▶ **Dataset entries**
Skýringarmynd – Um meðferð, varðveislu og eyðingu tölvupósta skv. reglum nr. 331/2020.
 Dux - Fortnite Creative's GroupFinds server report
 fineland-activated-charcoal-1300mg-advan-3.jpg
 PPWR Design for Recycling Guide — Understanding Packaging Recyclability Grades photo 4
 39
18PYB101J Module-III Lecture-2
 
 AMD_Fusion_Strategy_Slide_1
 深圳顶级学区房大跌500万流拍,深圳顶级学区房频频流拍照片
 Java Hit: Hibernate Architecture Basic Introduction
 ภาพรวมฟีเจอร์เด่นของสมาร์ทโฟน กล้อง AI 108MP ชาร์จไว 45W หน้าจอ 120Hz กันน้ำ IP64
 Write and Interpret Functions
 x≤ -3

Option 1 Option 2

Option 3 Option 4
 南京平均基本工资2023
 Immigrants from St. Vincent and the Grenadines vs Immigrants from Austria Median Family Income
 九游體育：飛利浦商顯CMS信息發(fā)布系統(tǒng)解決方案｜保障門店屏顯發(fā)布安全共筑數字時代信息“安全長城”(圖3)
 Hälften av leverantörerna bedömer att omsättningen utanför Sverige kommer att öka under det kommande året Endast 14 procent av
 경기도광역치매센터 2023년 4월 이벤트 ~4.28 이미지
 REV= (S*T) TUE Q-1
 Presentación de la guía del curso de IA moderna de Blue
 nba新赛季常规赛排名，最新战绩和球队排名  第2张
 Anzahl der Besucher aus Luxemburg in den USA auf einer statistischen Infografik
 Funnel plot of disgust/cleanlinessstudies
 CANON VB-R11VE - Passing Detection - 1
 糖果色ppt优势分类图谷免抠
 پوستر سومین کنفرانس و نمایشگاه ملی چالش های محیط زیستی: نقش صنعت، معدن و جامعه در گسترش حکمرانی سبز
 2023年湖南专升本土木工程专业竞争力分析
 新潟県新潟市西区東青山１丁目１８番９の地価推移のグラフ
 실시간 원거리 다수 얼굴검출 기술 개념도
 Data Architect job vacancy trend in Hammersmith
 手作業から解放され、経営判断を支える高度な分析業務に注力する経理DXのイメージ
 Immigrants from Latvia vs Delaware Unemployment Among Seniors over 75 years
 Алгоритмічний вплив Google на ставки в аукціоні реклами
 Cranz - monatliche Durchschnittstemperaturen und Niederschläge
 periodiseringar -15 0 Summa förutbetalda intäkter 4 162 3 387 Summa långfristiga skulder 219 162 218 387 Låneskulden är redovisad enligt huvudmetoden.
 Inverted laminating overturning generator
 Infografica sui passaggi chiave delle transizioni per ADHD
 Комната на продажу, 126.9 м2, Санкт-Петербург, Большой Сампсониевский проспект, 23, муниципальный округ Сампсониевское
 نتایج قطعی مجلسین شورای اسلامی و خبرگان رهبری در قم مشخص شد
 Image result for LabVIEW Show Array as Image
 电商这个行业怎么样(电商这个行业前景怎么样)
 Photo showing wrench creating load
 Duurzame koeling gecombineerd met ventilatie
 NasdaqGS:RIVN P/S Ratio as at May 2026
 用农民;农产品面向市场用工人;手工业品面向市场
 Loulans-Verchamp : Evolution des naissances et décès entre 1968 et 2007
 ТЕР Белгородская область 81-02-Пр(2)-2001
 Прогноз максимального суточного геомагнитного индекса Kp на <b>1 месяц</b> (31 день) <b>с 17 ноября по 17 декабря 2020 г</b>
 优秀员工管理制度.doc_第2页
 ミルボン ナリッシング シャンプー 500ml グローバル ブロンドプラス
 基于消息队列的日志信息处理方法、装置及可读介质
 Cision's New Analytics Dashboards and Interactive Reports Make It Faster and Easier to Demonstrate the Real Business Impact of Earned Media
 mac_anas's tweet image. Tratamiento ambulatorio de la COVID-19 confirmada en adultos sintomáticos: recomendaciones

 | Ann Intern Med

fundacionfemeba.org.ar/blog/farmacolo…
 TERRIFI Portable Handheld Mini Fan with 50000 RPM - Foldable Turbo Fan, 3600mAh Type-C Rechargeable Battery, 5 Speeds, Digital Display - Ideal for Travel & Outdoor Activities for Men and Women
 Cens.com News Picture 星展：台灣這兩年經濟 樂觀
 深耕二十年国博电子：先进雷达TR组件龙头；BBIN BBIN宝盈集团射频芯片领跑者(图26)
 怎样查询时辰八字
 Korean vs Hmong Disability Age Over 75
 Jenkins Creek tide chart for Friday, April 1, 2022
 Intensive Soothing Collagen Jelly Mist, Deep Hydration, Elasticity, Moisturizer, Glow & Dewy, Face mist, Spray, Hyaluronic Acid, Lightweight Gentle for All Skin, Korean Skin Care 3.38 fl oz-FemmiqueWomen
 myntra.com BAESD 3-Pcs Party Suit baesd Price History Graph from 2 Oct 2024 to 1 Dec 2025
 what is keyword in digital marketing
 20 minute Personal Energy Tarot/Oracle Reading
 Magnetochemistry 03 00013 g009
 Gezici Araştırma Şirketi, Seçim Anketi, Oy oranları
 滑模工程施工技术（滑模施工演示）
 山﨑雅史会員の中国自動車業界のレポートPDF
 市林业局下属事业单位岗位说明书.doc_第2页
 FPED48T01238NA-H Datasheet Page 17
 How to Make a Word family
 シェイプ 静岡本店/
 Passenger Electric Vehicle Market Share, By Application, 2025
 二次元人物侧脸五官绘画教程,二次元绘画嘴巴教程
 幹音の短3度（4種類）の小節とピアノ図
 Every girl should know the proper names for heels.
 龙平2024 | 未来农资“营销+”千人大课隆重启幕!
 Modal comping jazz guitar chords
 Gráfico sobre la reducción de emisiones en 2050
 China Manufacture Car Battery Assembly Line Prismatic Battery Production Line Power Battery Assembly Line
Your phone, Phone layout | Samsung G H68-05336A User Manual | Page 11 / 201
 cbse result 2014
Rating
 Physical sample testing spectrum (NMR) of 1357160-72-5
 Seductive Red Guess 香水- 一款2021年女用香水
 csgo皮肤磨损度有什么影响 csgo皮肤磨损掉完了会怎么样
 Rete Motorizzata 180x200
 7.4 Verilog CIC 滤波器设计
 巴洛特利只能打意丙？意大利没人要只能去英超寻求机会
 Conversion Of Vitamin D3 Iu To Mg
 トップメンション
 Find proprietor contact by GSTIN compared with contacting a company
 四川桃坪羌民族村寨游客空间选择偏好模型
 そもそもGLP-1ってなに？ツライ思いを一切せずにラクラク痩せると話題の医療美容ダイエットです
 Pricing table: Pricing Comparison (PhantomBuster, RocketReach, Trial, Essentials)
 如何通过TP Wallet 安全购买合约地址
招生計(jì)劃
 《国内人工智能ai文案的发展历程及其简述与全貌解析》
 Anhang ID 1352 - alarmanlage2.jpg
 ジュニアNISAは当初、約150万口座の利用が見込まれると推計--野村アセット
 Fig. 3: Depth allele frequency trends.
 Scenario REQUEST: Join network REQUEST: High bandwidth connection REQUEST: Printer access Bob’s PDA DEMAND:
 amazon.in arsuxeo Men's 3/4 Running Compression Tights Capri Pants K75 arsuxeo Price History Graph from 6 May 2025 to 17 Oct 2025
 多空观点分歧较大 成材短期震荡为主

▶ **What you will do**
Repeat all of the data exactly as given.

▶ **Output for this exercise**
Skýringarmynd – Um meðferð, varðveislu og eyðingu tölvupósta skv. reglum nr. 331/2020.
 Dux - Fortnite Creative's GroupFinds server report
 fineland-activated-charcoal-1300mg-advan-3.jpg
 PPWR Design for Recycling Guide — Understanding Packaging Recyclability Grades photo 4
 39
18PYB101J Module-III Lecture-2
 
 AMD_Fusion_Strategy_Slide_1
 深圳顶级学区房大跌500万流拍,深圳顶级学区房频频流拍照片
 Java Hit: Hibernate Architecture Basic Introduction
 ภาพรวมฟีเจอร์เด่นของสมาร์ทโฟน กล้อง AI 108MP ชาร์จไว 45W หน้าจอ 120Hz กันน้ำ IP64
 Write and Interpret Functions
 x≤ -3

Option 1 Option 2

Option 3 Option 4
 南京平均基本工资2023
 Immigrants from St. Vincent and the Grenadines vs Immigrants from Austria Median Family Income
 九游體育：飛利浦商顯CMS信息發(fā)布系統(tǒng)解決方案｜保障門店屏顯發(fā)布安全共筑數字時代信息“安全長城”(圖3)
 Hälften av leverantörerna bedömer att omsättningen utanför Sverige kommer att öka under det kommande året Endast 14 procent av
 경기도광역치매센터 2023년 4월 이벤트 ~4.28 이미지
 REV= (S*T) TUE Q-1
 Presentación de la guía del curso de IA moderna de Blue
 nba新赛季常规赛排名，最新战绩和球队排名  第2张
 Anzahl der Besucher aus Luxemburg in den USA auf einer statistischen Infografik
 Funnel plot of disgust/cleanlinessstudies
 CANON VB-R11VE - Passing Detection - 1
 糖果色ppt优势分类图谷免抠
 پوستر سومین کنفرانس و نمایشگاه ملی چالش های محیط زیستی: نقش صنعت، معدن و جامعه در گسترش حکمرانی سبز
 2023年湖南专升本土木工程专业竞争力分析
 新潟県新潟市西区東青山１丁目１８番９の地価推移のグラフ
 실시간 원거리 다수 얼굴검출 기술 개념도
 Data Architect job vacancy trend in Hammersmith
 手作業から解放され、経営判断を支える高度な分析業務に注力する経理DXのイメージ
 Immigrants from Latvia vs Delaware Unemployment Among Seniors over 75 years
 Алгоритмічний вплив Google на ставки в аукціоні реклами
 Cranz - monatliche Durchschnittstemperaturen und Niederschläge
 periodiseringar -15 0 Summa förutbetalda intäkter 4 162 3 387 Summa långfristiga skulder 219 162 218 387 Låneskulden är redovisad enligt huvudmetoden.
 Inverted laminating overturning generator
 Infografica sui passaggi chiave delle transizioni per ADHD
 Комната на продажу, 126.9 м2, Санкт-Петербург, Большой Сампсониевский проспект, 23, муниципальный округ Сампсониевское
 نتایج قطعی مجلسین شورای اسلامی و خبرگان رهبری در قم مشخص شد
 Image result for LabVIEW Show Array as Image
 电商这个行业怎么样(电商这个行业前景怎么样)
 Photo showing wrench creating load
 Duurzame koeling gecombineerd met ventilatie
 NasdaqGS:RIVN P/S Ratio as at May 2026
 用农民;农产品面向市场用工人;手工业品面向市场
 Loulans-Verchamp : Evolution des naissances et décès entre 1968 et 2007
 ТЕР Белгородская область 81-02-Пр(2)-2001
 Прогноз максимального суточного геомагнитного индекса Kp на <b>1 месяц</b> (31 день) <b>с 17 ноября по 17 декабря 2020 г</b>
 优秀员工管理制度.doc_第2页
 ミルボン ナリッシング シャンプー 500ml グローバル ブロンドプラス
 基于消息队列的日志信息处理方法、装置及可读介质
 Cision's New Analytics Dashboards and Interactive Reports Make It Faster and Easier to Demonstrate the Real Business Impact of Earned Media
 mac_anas's tweet image. Tratamiento ambulatorio de la COVID-19 confirmada en adultos sintomáticos: recomendaciones

 | Ann Intern Med

fundacionfemeba.org.ar/blog/farmacolo…
 TERRIFI Portable Handheld Mini Fan with 50000 RPM - Foldable Turbo Fan, 3600mAh Type-C Rechargeable Battery, 5 Speeds, Digital Display - Ideal for Travel & Outdoor Activities for Men and Women
 Cens.com News Picture 星展：台灣這兩年經濟 樂觀
 深耕二十年国博电子：先进雷达TR组件龙头；BBIN BBIN宝盈集团射频芯片领跑者(图26)
 怎样查询时辰八字
 Korean vs Hmong Disability Age Over 75
 Jenkins Creek tide chart for Friday, April 1, 2022
 Intensive Soothing Collagen Jelly Mist, Deep Hydration, Elasticity, Moisturizer, Glow & Dewy, Face mist, Spray, Hyaluronic Acid, Lightweight Gentle for All Skin, Korean Skin Care 3.38 fl oz-FemmiqueWomen
 myntra.com BAESD 3-Pcs Party Suit baesd Price History Graph from 2 Oct 2024 to 1 Dec 2025
 what is keyword in digital marketing
 20 minute Personal Energy Tarot/Oracle Reading
 Magnetochemistry 03 00013 g009
 Gezici Araştırma Şirketi, Seçim Anketi, Oy oranları
 滑模工程施工技术（滑模施工演示）
 山﨑雅史会員の中国自動車業界のレポートPDF
 市林业局下属事业单位岗位说明书.doc_第2页
 FPED48T01238NA-H Datasheet Page 17
 How to Make a Word family
 シェイプ 静岡本店/
 Passenger Electric Vehicle Market Share, By Application, 2025
 二次元人物侧脸五官绘画教程,二次元绘画嘴巴教程
 幹音の短3度（4種類）の小節とピアノ図
 Every girl should know the proper names for heels.
 龙平2024 | 未来农资“营销+”千人大课隆重启幕!
 Modal comping jazz guitar chords
 Gráfico sobre la reducción de emisiones en 2050
 China Manufacture Car Battery Assembly Line Prismatic Battery Production Line Power Battery Assembly Line
Your phone, Phone layout | Samsung G H68-05336A User Manual | Page 11 / 201
 cbse result 2014
Rating
 Physical sample testing spectrum (NMR) of 1357160-72-5
 Seductive Red Guess 香水- 一款2021年女用香水
 csgo皮肤磨损度有什么影响 csgo皮肤磨损掉完了会怎么样
 Rete Motorizzata 180x200
 7.4 Verilog CIC 滤波器设计
 巴洛特利只能打意丙？意大利没人要只能去英超寻求机会
 Conversion Of Vitamin D3 Iu To Mg
 トップメンション
 Find proprietor contact by GSTIN compared with contacting a company
 四川桃坪羌民族村寨游客空间选择偏好模型
 そもそもGLP-1ってなに？ツライ思いを一切せずにラクラク痩せると話題の医療美容ダイエットです
 Pricing table: Pricing Comparison (PhantomBuster, RocketReach, Trial, Essentials)
 如何通过TP Wallet 安全购买合约地址
招生計(jì)劃
 《国内人工智能ai文案的发展历程及其简述与全貌解析》
 Anhang ID 1352 - alarmanlage2.jpg
 ジュニアNISAは当初、約150万口座の利用が見込まれると推計--野村アセット
 Fig. 3: Depth allele frequency trends.
 Scenario REQUEST: Join network REQUEST: High bandwidth connection REQUEST: Printer access Bob’s PDA DEMAND:
 amazon.in arsuxeo Men's 3/4 Running Compression Tights Capri Pants K75 arsuxeo Price History Graph from 6 May 2025 to 17 Oct 2025
 多空观点分歧较大 成材短期震荡为主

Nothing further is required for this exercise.